I also like to cook. M is a much, much better cook than I am, but she says I am more of a chef than she is. She says that because I don't measure and the dishes I make are generally just made up on the fly. The garden is a hobby as is following Flight Radar 24. As my friends Justin Pannell and Josh Donnan would say, it's relaxing to be focused on MEM shortly after midnight and watch the FedEx planes come in.
Those are all hobbies that I've had more than a passing interest in over the years, but I have one hobby that is relatively new. It actually grabbed my attention about 13 months ago.
Last April M and I were at her sister Paula and her husband Mike's cabin in Mountain View, Arkansas to watch the total solar eclipse, which by the way was spectacular. Their home is at the end of a dirt road, off a dirt road. You don't get there by accident. Anyway, one morning, Mike and I were sitting on the front porch talking, drinking our coffee, and he showed me an app on his phone called Merlin, which was created by the Orinthology Department at Cornell University. After installing it, you activate and at your leisure hit "Sound ID", and it listens for birds in the area you are occupying. I like birds, my dad was a bird watcher, so I installed it. Once on, sitting there on top of a ridge in Stone County, Arkansas, the first bird it identified was a Mourning Dove. It quickly identified several other birds whose songs we could hear. I was hooked.

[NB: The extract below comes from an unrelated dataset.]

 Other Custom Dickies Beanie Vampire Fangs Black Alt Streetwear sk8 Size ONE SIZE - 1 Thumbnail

Since the app is on my phone, I've "bird-listened" in Arkansas, Alabama, Georgia, South Carolina and Florida. In the 13 months since I first registered the mourning dove, I have heard 81 different species of birds! I mean 81! I'm not sure a year ago I could have named 81 different species.
When we were on Hilton Head Island last month I heard herons and egrets, birds not normally heard in and around Tuscumbia. One day while we were on the island, I drove alone to the Hilton Head Forest Preserve and then to Pinckney Island with the express intent of listening to birds! Seriously, can you believe that. One morning last fall we were at Jonathan and Lea Snell's and I heard and saw an osprey. I was almost as excited about that as I was Lea's shrimp and grits.

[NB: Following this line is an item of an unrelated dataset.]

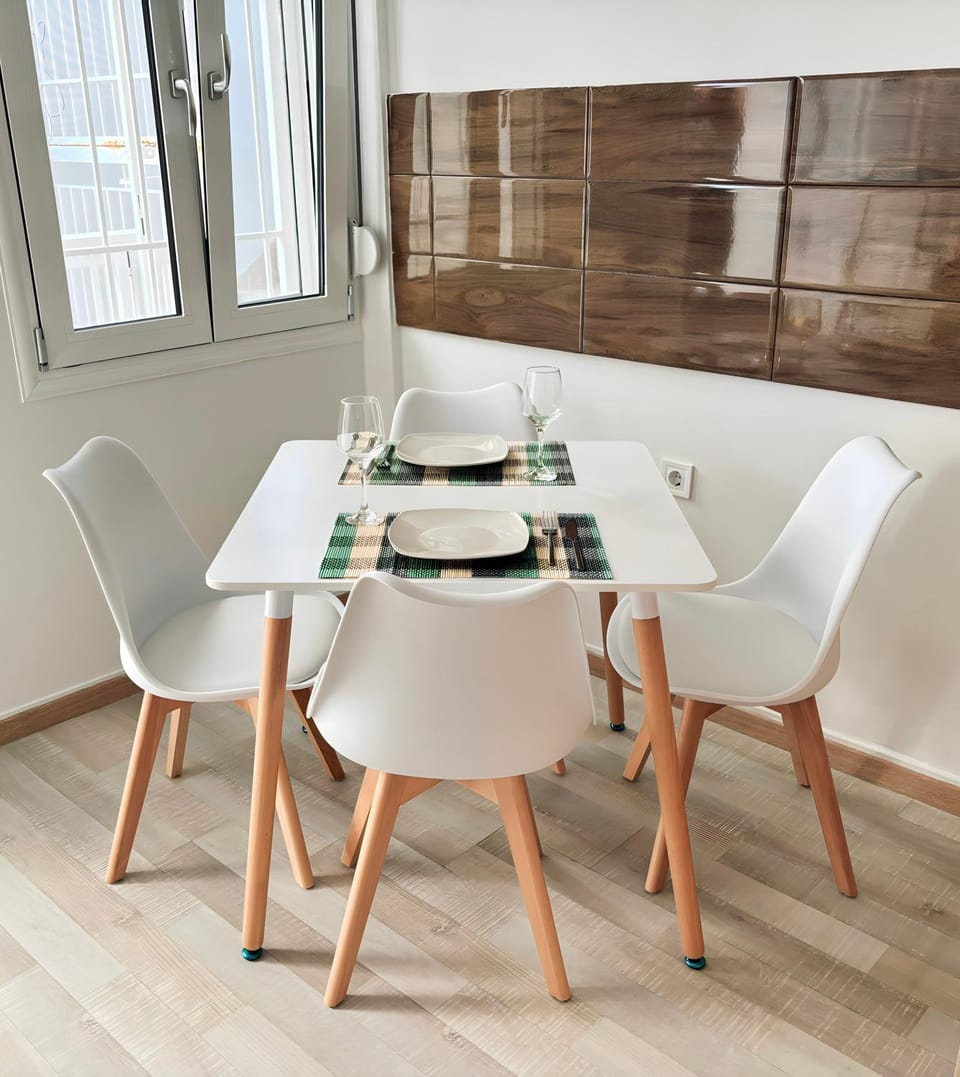 Kitchen or kitchenette, Dining area, kitchen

One day last week, a day it wasn't raining, I was on our back deck with my coffee and my phone. It was about 7.30 in the morning or so and the birds were singing, so I turned Merlin on. When I went inside about an hour and a half later, Merlin had identified 20 different species, including two I hadn't heard before, the eastern meadowlark and the rose-breasted grosbeak! I am not exaggerating too much when I say that excited me more than the Cardinals sweeping the Mets in a doubleheader.
Sure, there are some birds easy to identify, the mourning dove with its distinctive "cooing" sound, the crow or blue jay, or the hooting of an owl. I never thought in my wildest dreams I could instantly identify a northern cardinal, or a Carolina wren, or tufted titmouse by their sound. But I can now.
In case you are wondering, Merlin has over 1,300 birds in their data base, so I have a lot of listening to do. So I'll be on the back deck a lot, just listening to the birds, hoping for something new. If you're in the neighborhood stop by, I'm sure I'll have some coffee ready, and we can enjoy God's gift of birds together.
Have a wonderful Monday and be nice to each other.